This episode of The Monochrome Chronicles has focused on my series of photographs taken along Bangkok’s Silom Road, a divided street with a green median and tall trees on either side providing welcome shade on the sidewalks.  Walking the entire length of the street, which would take me about 30-45 minutes each way at a leisurely pace, I found the variety of street life there…well, the variety was so wide that words fail me.  While other areas of Bangkok may offer more conventionally picturesque views, Silom Road is the place for me and my camera.

From my personal point of view, the character of life on the streets shifts as Silom Road traverses its way from its start near Lumphini Park, along its almost perfectly straight short distance, to just past the elevated highway.  I see a progression through three segments: crowded and hectic in the first segment; calmer and more laid back in the middle segment; and almost abandoned in the final segment. 

Silom Road itself is crowded with traffic but in contrast the soi (side streets) are narrow with little traffic.  There the buildings are old and neglected.  Some blocks give the feeling that time has stood still since somewhere back in the 1950s, especially late in the afternoon when the heat of the day becomes oppressive, people slow down, and even the dogs find it’s too hot to do anything but sleep.

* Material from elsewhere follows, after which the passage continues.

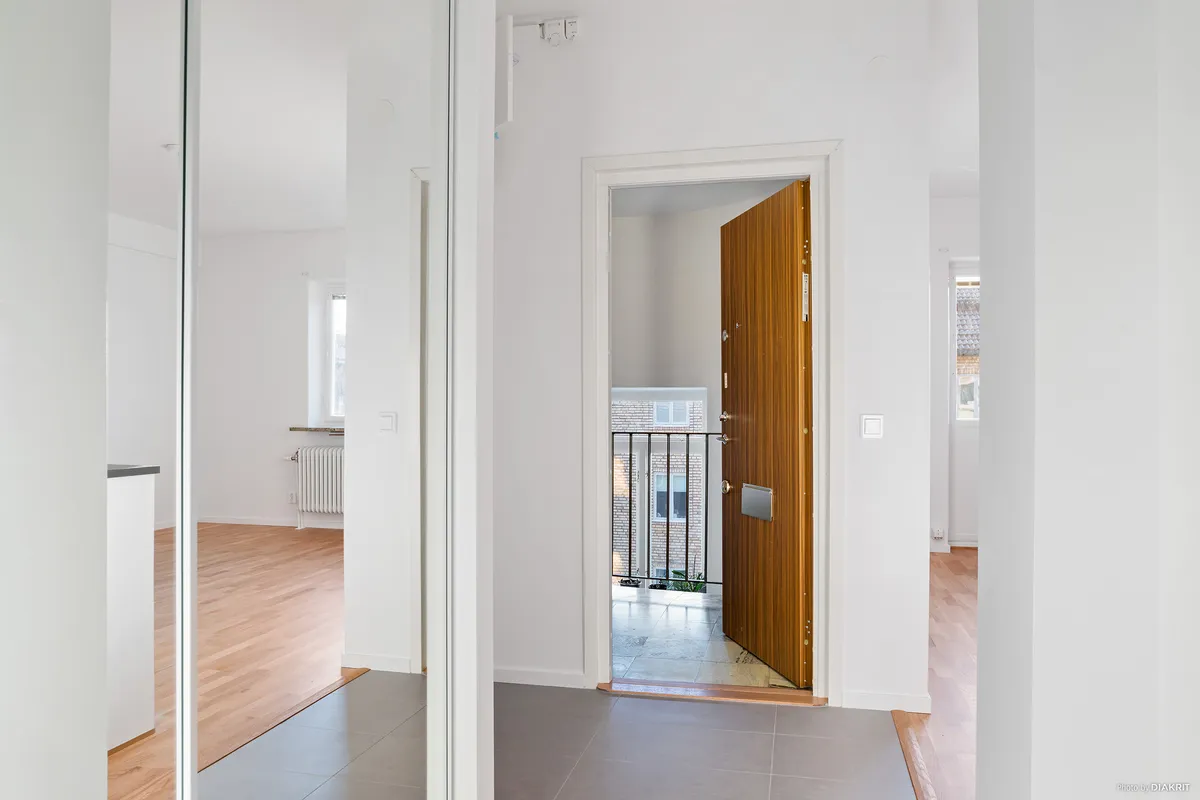 Hyreslägenhet på Bromma i bromma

I can scarcely express my experiences on Silom Road in words.  Maybe my photographs will do that for me.  Just remember, though, that most of these images came from just a small glimpse of the day, only 2 hours in late afternoon.  Accumulated over the course of about 15 years, of course.

Segue

By dividing the photographs from Silom Road and Charoen Krung Road into two separate episodes of The Monochrome Chronicles, the implication would be that their character likewise differs.  Such is the case.  There are, of course, similarities as well.  From my photographers’ point of view I’ve found four images – two from each street – that are remarkably similar.  One word of caution, though: the similarity is in the aesthetics of the photographs.  There is no hidden meaning here, no implication about street life in the two neighborhoods.  In this instance, a cigar is just a cigar.

Charoen Krung Road
Silom Road
Charoen Krung Road
Silom Road

A portrait of street food in Bangkok.  On a photorealism level, these images show details of pushcarts on the sidewalk.  They are a bit more upscale than most pushcarts, made with stainless steel and supplied with bottled gas for heat.

Such equipment would be unremarkable in the back room of a bakery or a restaurant, but in the context of pushcarts on the sidewalk they represent an element of street life in Bangkok.